Records from a data collection
--- START ---
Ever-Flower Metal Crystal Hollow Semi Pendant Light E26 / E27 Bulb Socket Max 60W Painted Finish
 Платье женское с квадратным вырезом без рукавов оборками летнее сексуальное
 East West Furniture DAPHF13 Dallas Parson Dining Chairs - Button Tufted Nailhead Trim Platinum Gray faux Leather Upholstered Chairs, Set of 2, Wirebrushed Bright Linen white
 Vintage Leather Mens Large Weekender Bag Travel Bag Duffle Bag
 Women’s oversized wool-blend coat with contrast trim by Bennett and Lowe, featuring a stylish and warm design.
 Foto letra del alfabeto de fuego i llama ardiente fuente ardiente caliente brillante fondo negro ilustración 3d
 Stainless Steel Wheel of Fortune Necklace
--- END ---
Description of the task
From the entries above, select each line containing the string "Leather".

Response to the exercise
 East West Furniture DAPHF13 Dallas Parson Dining Chairs - Button Tufted Nailhead Trim Platinum Gray faux Leather Upholstered Chairs, Set of 2, Wirebrushed Bright Linen white
 Vintage Leather Mens Large Weekender Bag Travel Bag Duffle Bag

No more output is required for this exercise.